* Ecio Rodrigues
Depois de
muita discussão e controvérsia, o Código Florestal aprovado em 2012 acabou por não
aumentar a faixa mínima de mata ciliar a ser obrigatoriamente mantida nas
propriedades rurais, tendo estabelecido a mesma largura de 30 metros prevista
na legislação anterior.
Pior: nos
casos de recomposição – quer dizer, nas situações em que a mata ciliar já foi
desmatada além dos 30 metros –, a largura obrigatória cai para insignificantes 5
metros, algo totalmente insano.
A decisão
dos legisladores se mostrou um erro por várias razões – especialmente porque
torna consciencioso quem cumpre a lei, apesar de não adiantar muita coisa.
Quando se
fala nos serviços prestados pela mata ciliar, geralmente faz-se referência apenas
à prevenção de assoreamentos e desbarrancamentos; contudo, pesquisas demonstram
a estreita relação que existe entre a quantidade de biomassa florestal presente
na mata ciliar e o equilíbrio hidrológico dos rios.
A
interação entre água e florestas se evidencia sobretudo na Amazônia, diante da
ocorrência de sucessivos eventos extremos, envolvendo secas e alagações. O fato
é que, embora as florestas não possam evitar esses eventos, os efeitos deles
decorrentes são potencializados pelo desmatamento da mata ciliar.
Todavia,
uma faixa de 30 metros de largura não oferece o mínimo indispensável, em termos
de biomassa florestal, para possibilitar a necessária interação e promover
influência significativa sobre o fluxo do rio.
Por outro
lado, há mais um fator a objetar a largura mínima prevista no Código Florestal:
o fogo. Ocorre que na Amazônia, região designada como “Terra das águas”, por
conta de sua imensa rede hidrográfica, a prática agrícola da queimada é legitimada
pelas normas ambientais.
Ora, com
meros 30 metros de largura, a mata ciliar arde junto com o pasto submetido à
queimada e não impede que o fogo atinja os corpos d’água.

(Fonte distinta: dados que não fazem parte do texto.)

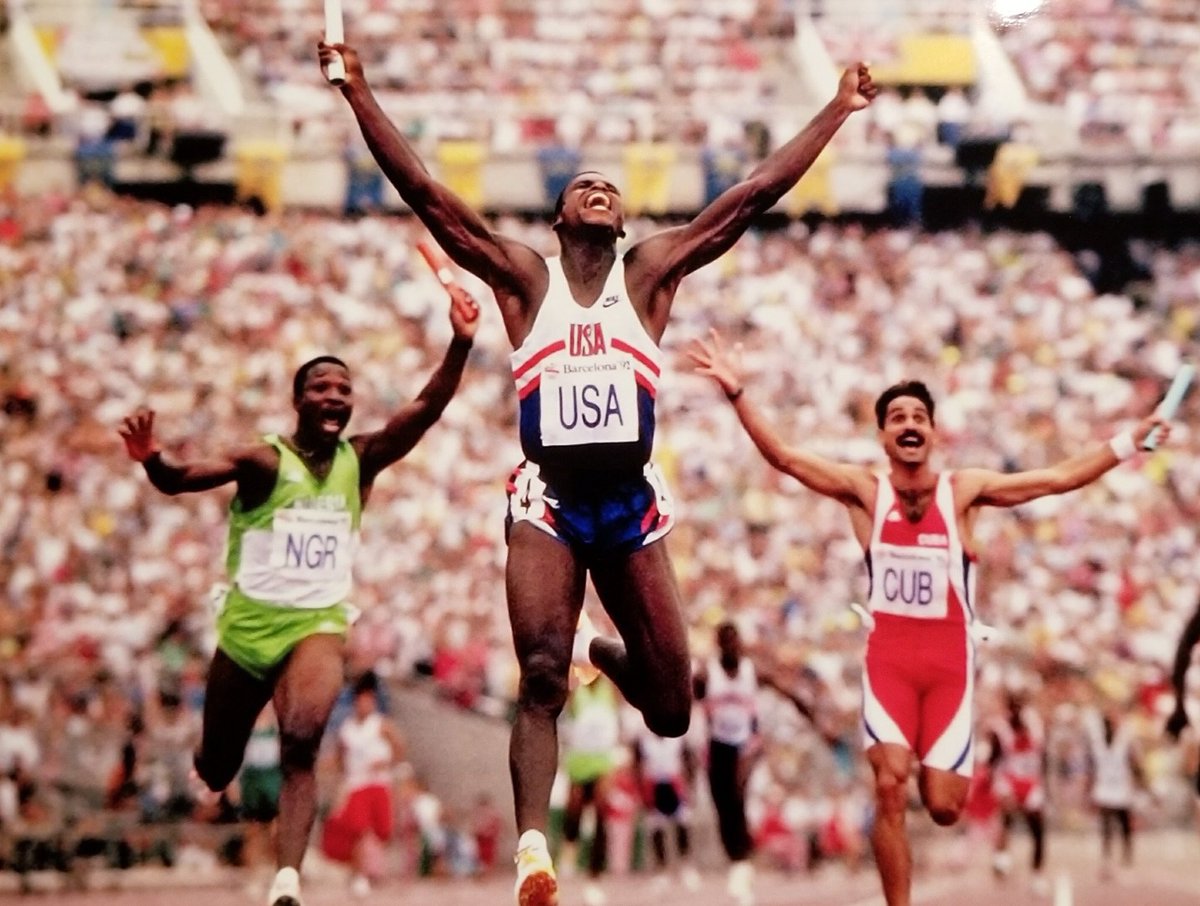 Happy 58th birthday to the greatest of all time, @Carl_Lewis. 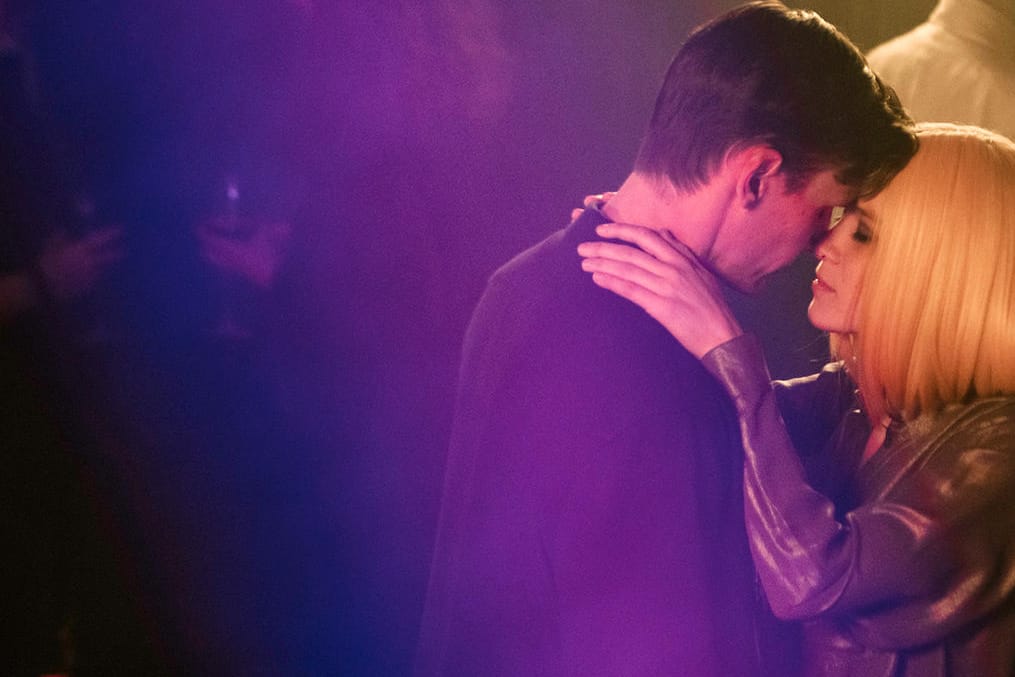 "Tatort: Gier und Angst": Kommissar Jan Pawlak (Rick Okon) tanzt mit seiner Frau Ella (Anke Retzlaff) im Nachtclub.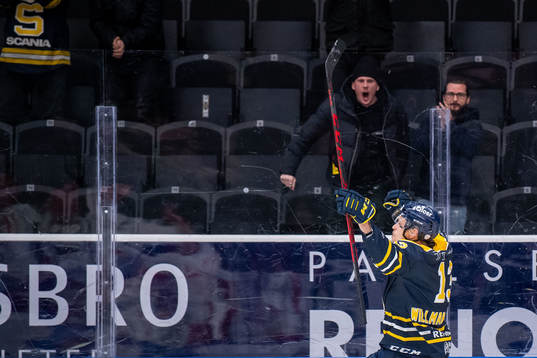 Södertäljes Gustav Willman Borvik jublar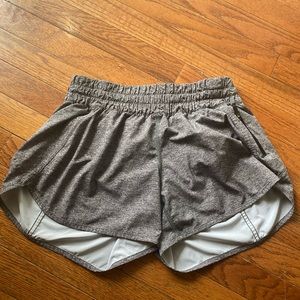 Lulu lemon Tracker 4” shorts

Não há umidade
suficiente nessa exígua quantidade de biomassa florestal para evitar a
propagação do fogo – que vai aquecer a água, aumentar a evaporação, e
comprometer a fauna terrestre e a ictiofauna no local.
Ante a
óbvia constatação de que a largura mínima da mata ciliar não pode ser
determinada em função da disponibilidade de terras para criação de gado, a
pressão internacional levou o país a se comprometer, perante o “Acordo de Paris”
(pacto global que entrou em vigor em novembro de 2016), com a recuperação de
doze milhões de hectares de florestas nativas, a maior parte em mata ciliar,
até 2030.
É uma meta
ambiciosa para os padrões nacionais, já que isso nunca foi objeto de prioridade.
Por meio do Decreto 8.972/2017, o Executivo instituiu o que chamou de Política
Nacional de Recuperação da Vegetação Nativa - Proveg.
Trata-se
de usar o dinheiro do orçamento federal para estimular estados e municípios a
conceber um plano, denominado por sua vez de Planaveg, prevendo a restauração
da mata ciliar dos rios que correm em seus respectivos territórios.
A
expectativa é que o Planaveg logre alargar a reduzida largura fixada pelo
Código Florestal para a faixa de mata ciliar, e forneça atratividade econômica a
esse tipo especial de floresta.
Melhor
ainda, as atividades de restauração florestal de mata ciliar, que abrangem coleta
de sementes de espécies nativas, produção de mudas e o próprio plantio restaurador,
podem se converter em importante mecanismo de geração de emprego e renda para
as frágeis economias das cidades do interior da Amazônia.
Jamais a extensão
da mata ciliar poderia ser contraposta à quantidade de solo disponível para a criação
de gado ou a produção de alimentos – foi aí que o debate perdeu o bom senso e
descarrilou de vez.
Afinal,
quem precisa de comida não vive sem água.
*Professor Associado da Universidade Federal do Acre, engenheiro
florestal, especialista em Manejo Florestal e mestre em Política Florestal pela
Universidade Federal do Paraná, e doutor em Desenvolvimento
Sustentável pela Universidade de Brasília.